Lecture 19 - Generalization, Continued¶

Hyperparameter Tuning and Regularization¶

Announcements¶

  • New seats, new friends, as of Monday:
In [7]:
import random
random.seed(518)
datafolk = "Alli Keira Malik Erika Narina Sebastian Josh Dylan Haden Zach Maven Marcus Finnley".split()
random.shuffle(datafolk)
print(datafolk[:4])
print(datafolk[4:9])
print(datafolk[9:])
['Malik', 'Josh', 'Alli', 'Erika']
['Marcus', 'Keira', 'Maven', 'Dylan', 'Zach']
['Narina', 'Finnley', 'Haden', 'Sebastian']

Goals¶

  • Know why and how to subdivide datasets into training, validation, and test sets
  • Understand what hyperparameters are and how to tune them using a validation set
  • Know how cross-validation works and why you might want to use it.

Notes¶

Lecture notes for today's content:

  • See the notebook from last lecture (L18)
  • See the whiteboard notes from L18 and today (L19)

Warm-up¶

Questions 1--3 on today's worksheet

Whiteboard:¶

  • MLBot 1.0 - Triain/val/test splits
  • Cross-validation
  • Hyperparameters and Regularization

Hyperparameter Tuning and Regularization: Activity¶

0. Imports and Data Splits¶

In [8]:
import numpy as np
import matplotlib.pyplot as plt
from sklearn.datasets import fetch_openml
from sklearn.svm import SVC
from sklearn.model_selection import train_test_split
from sklearn.preprocessing import StandardScaler

data = fetch_openml('vehicle', version=1, as_frame=False, parser='auto')
X, y = data.data, data.target

# This converts features to z-scores:
X = StandardScaler().fit_transform(X)

train_frac = 0.6

X_train, X_temp, y_train, y_temp = train_test_split(X, y, test_size=1-train_frac, random_state=311)
X_val,   X_test, y_val,   y_test  = train_test_split(X_temp, y_temp, test_size=0.5, random_state=311)

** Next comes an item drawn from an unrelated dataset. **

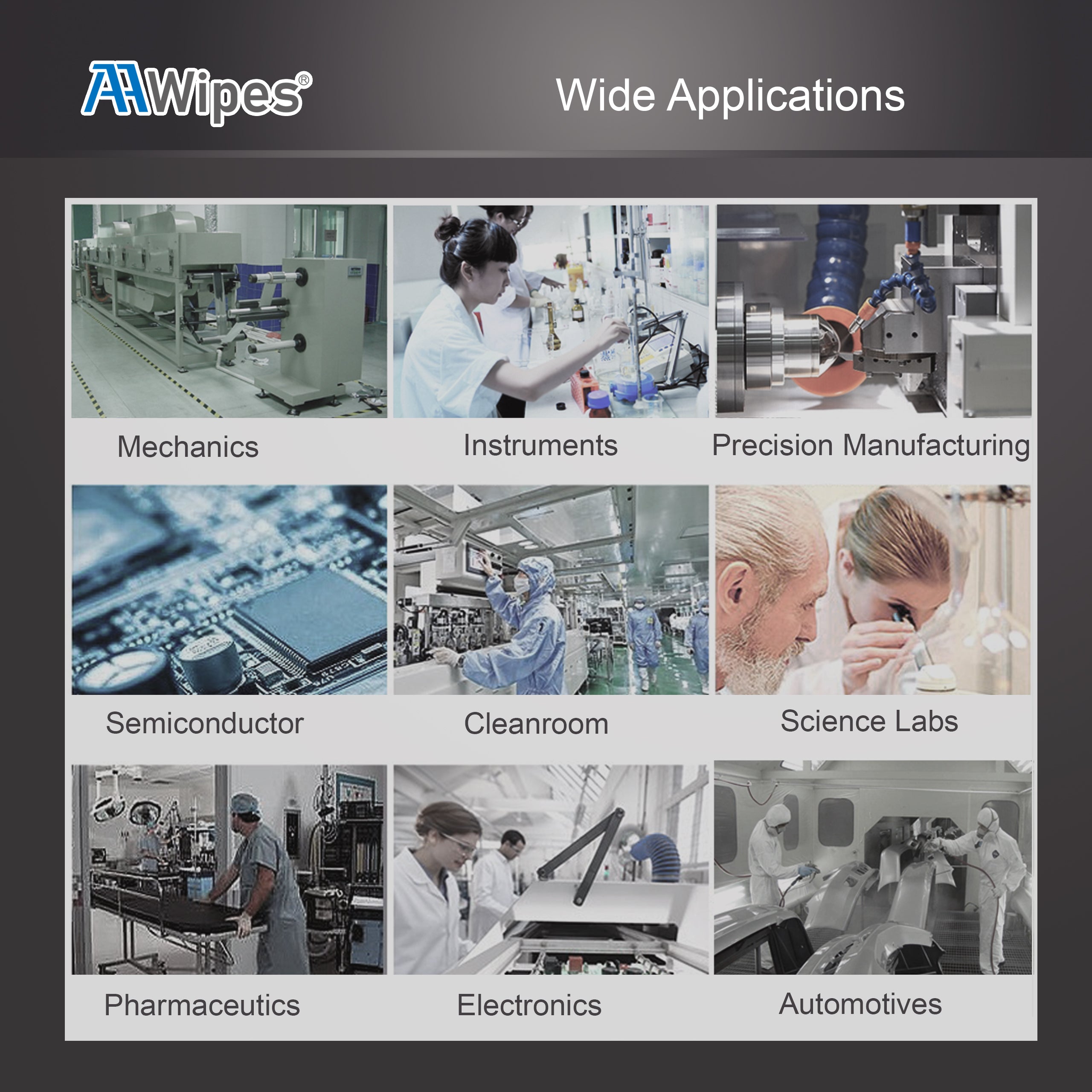 Lab Cleanroom Wipers Nonwoven Wipes 4"x4" Cellulose/Polyester Wiping Cloth for Electronics, Automotive, Printing and Semiconductor Industries. 16,800 wipes/box in 28 bags (No. NW06804).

print(f"Train: {len(X_train)}\n  Val: {len(X_val)}\n Test: {len(X_test)}")
Train: 507
  Val: 169
 Test: 170

1. Train a family of models with different values of $C$¶

In [9]:
C_values = [0.001, 0.01, 0.1, 1, 10, 100, 1000]

train_accs, val_accs = [], []

for C in C_values:
    svm = SVC(kernel='linear', C=C) # make the classifier
    svm.fit(X_train, y_train) # train the classifier
    train_accs.append(svm.score(X_train, y_train)) # evaluate on the training set
    val_accs.append(  svm.score(X_val,   y_val))   # evaluate on the validation set

best_C = C_values[np.argmax(val_accs)]

2. Plot the training and validation accuracy for each model¶

In [10]:
fig, ax = plt.subplots(figsize=(9, 5))

ax.plot(C_values, train_accs)
ax.plot(C_values, val_accs)

ax.set_xscale('log')
ax.set_xlabel('C', fontsize=12)
ax.set_ylabel('Accuracy', fontsize=12)
ax.set_title('SVM Hyperparameter Tuning', fontsize=13)
plt.tight_layout()
plt.show()
No description has been provided for this image

3. Evaluate the best model on the held-out test set¶

Use the best C chosen from the validation curve and compute the performance on the held-out test set.

Important: we should run this only when we are finished tweaking our modeling assumptions and hyperparameters. After we evaluate on the test set, it's no longer unseen!

In [11]:
final_model = SVC(kernel='linear', C=best_C)
final_model.fit(X_train, y_train)

test_acc  = final_model.score(X_test, y_test)
val_acc   = max(val_accs)

print(f"Validation accuracy (C={best_C}): {val_acc:.1%}")
print(f"Test accuracy       (C={best_C}): {test_acc:.1%}")
Validation accuracy (C=10): 78.7%
Test accuracy       (C=10): 83.5%
In [ ]: